# Shadow squad Night lords chosen



## Horusdeschain (Jan 7, 2009)

Brothers (hope i've put this in right place)
its been awhile since ive posted any model so ive decided to put these up. This is Lt Lorek(Champion) of Shadow squad(fluff to follow shortly)
he is very much a WIP but tell me what you all think

sorry if pics are bad had to use my mobile to take'em


































For the Haunter
:evil:


----------



## Varakir (Sep 2, 2009)

Your mobile camera is letting you down, but what i can see looks cool.
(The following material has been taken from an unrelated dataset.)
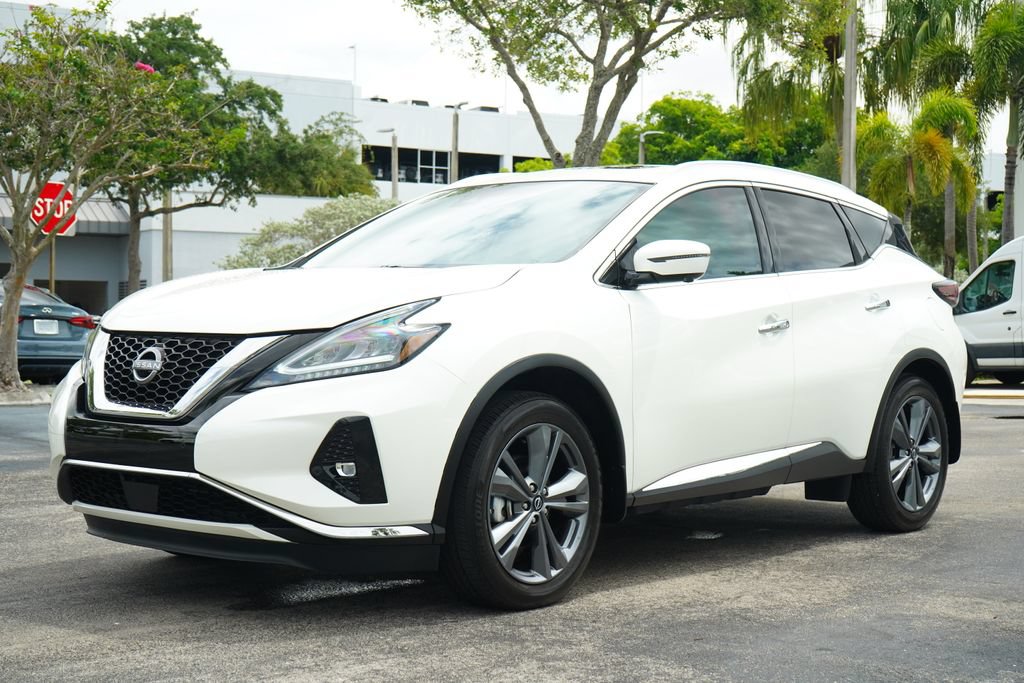 Used 2023 Nissan Murano Platinum w/ Cargo Package FWD image 3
Is the white stuff just on their for posing?


----------



## Horusdeschain (Jan 7, 2009)

yh thats white tac i just wanted to get the pose right


----------



## Talos (Aug 4, 2008)

He looks really good so far. What head you planning to use? 
Also had a thing for night lords since I read Lord of Night.


----------



## Horusdeschain (Jan 7, 2009)

Talos said:


> He looks really good so far. What head you planning to use?
> Also had a thing for night lords since I read Lord of Night.


il either use a bare head or wait till my night lord conversion kit comes through and use the winged helmet from that


----------



## Horusdeschain (Jan 7, 2009)

Brothers 

i have been working on the squad also Lt Lorek has been given a subsitute head and slightly different pose which do you all think is better the new one or the original?


























Also allow me to interduce Lucian he is the first of two plasma gunners let me know what you think.


































still working on the fluff for these guys but il post it up soon 

for the Haunter
:evil:


----------



## piemaster (Oct 9, 2009)

I prefer the first pose for your Lt. I like those skulls you got goin' over on his backpack there and the Ork power claw.


----------



## Varakir (Sep 2, 2009)

> Is the white stuff just on their for posing?


Thought so, just checking it wasn't dodgy milliput application :wink:

Those pics are much better, the plasma gunner looks ace. The scabbard is possibly a little large, but i like the idea.

For the pose i think the original looks better.


----------



## Orochi (Jan 28, 2009)

No bat-wing helms? Not true blood Night lords my friend lol.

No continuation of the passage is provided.